How to import a CSV file into Swiftflip

Move existing flashcards into Swiftflip from a CSV file exported from Quizlet, Notion, a spreadsheet or another flashcard app.

Many flashcard apps and spreadsheets can export to CSV. Swiftflip reads CSV files directly, so you do not have to retype anything to bring an existing collection over.

This guide walks through preparing the file, importing it and verifying the result.

Prepare your CSV file

A CSV file Swiftflip can import has at minimum two columns:

  • the first column is the front of each card
  • the second column is the back of each card

Optional columns can include tags or deck names if you have them. Empty rows are skipped.

A small example:

front,back
hola,hello
gracias,thank you
por favor,please

Save the file as UTF-8 to keep accented characters and other non-ASCII text intact. Most apps and spreadsheets do this by default.

Open Import in Swiftflip

On iPhone or iPad, tap + and choose Import. On Mac, use File → Import. Pick your CSV file from the file picker.
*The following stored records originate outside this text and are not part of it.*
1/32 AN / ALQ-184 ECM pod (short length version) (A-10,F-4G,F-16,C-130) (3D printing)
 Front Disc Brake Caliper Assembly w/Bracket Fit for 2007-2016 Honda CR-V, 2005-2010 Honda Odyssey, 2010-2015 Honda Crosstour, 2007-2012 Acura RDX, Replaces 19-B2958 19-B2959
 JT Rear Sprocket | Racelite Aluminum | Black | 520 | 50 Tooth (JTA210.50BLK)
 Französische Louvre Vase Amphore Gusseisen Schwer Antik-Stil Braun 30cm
The import screen showing decks selected and ready to import
Choose a destination deck for the imported cards.

Swiftflip shows a preview of the cards it found. Pick a destination deck or let the app create a new one named after the file.

Tips for clean imports

  • One idea per row. A CSV row becomes a single card. Lump multiple ideas together and the card becomes hard to recall.
  • Quote fields with commas. If a card front or back contains a comma, wrap the field in double quotes.
  • Keep the header row simple. Swiftflip expects the first column to be the front and the second to be the back. Extra columns are kept as data but do not become extra fields.
  • Preview before importing. The preview screen lets you spot encoding issues or empty rows before you commit.

Verify the result

Open the destination deck after import and skim a few cards. Spaced repetition starts the next time you practice. The imported cards behave the same way as cards you create by hand.

If you have an Anki collection too, the same Import flow accepts .apkg and .colpkg files. The Anki import page covers that workflow in more detail.